What you are asked to do
Working from the records below, return word for word the line that contains "Chansey (3/102) [Base Set (Shadowless)]" and each line after it, ending with the last. Skip all pictures.

Study material
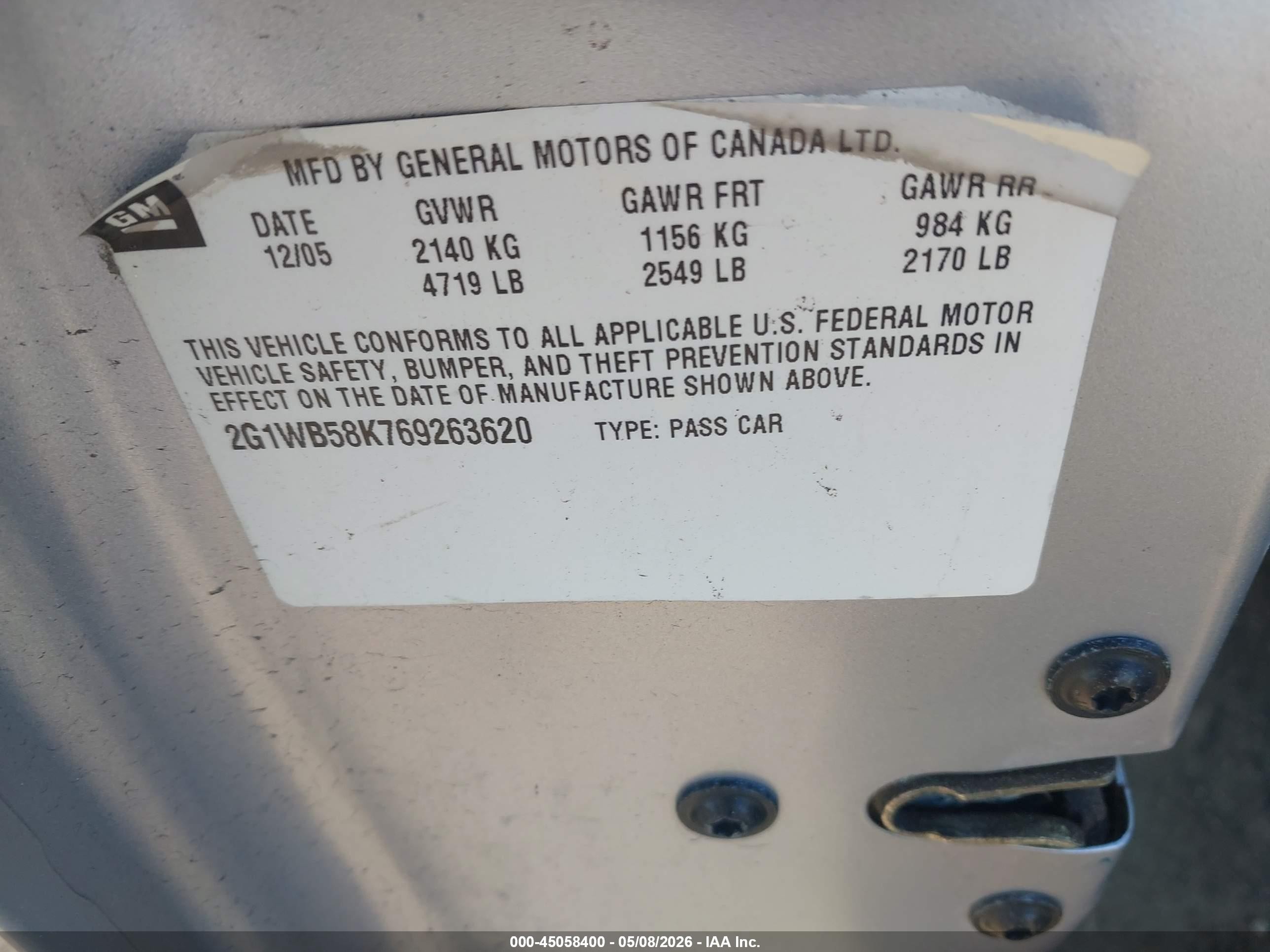 2006 Chevrolet Impala Ls Silver vin: 2G1WB58K769263620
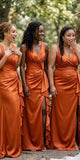 Popular V-Neck Satin Mermaid Long Beach Formal Party Bridesmaid Dresses BD259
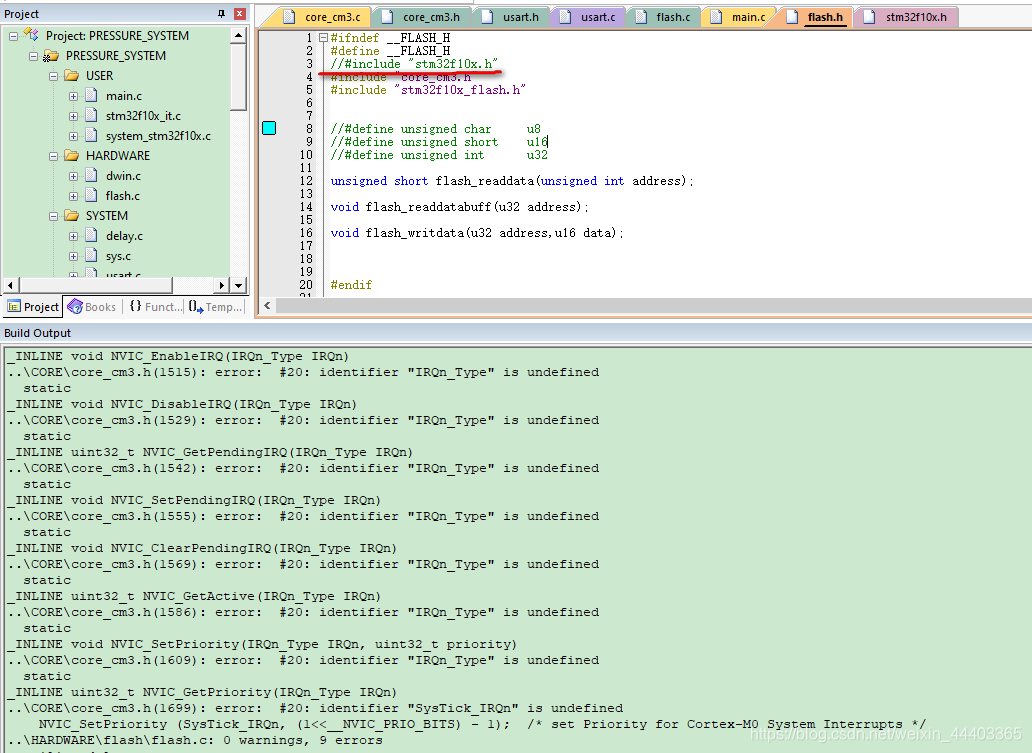..\CORE\core_cm3.h(1569): error:  #20: identifier “IRQn_Type“ is undefined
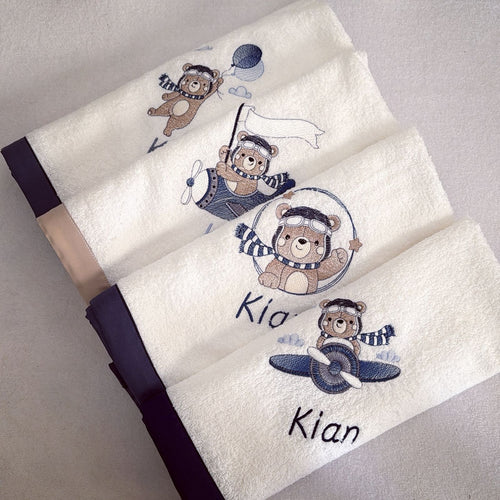 Burpcloths - Up and Away Bear 01 baby burp cloths South Africa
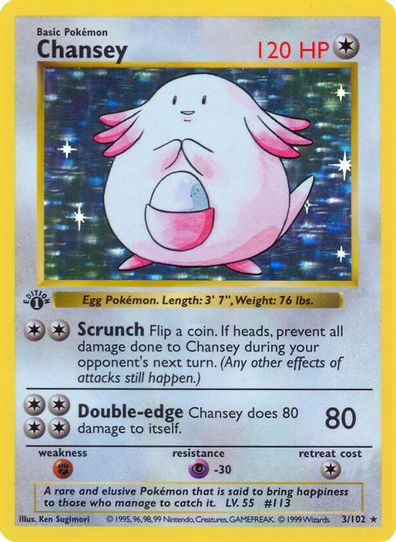 Chansey (3/102) [Base Set (Shadowless)]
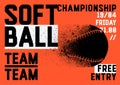 Softball Championship typographical style poster. Vector illustration.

The completed task
 Chansey (3/102) [Base Set (Shadowless)]
 Softball Championship typographical style poster. Vector illustration.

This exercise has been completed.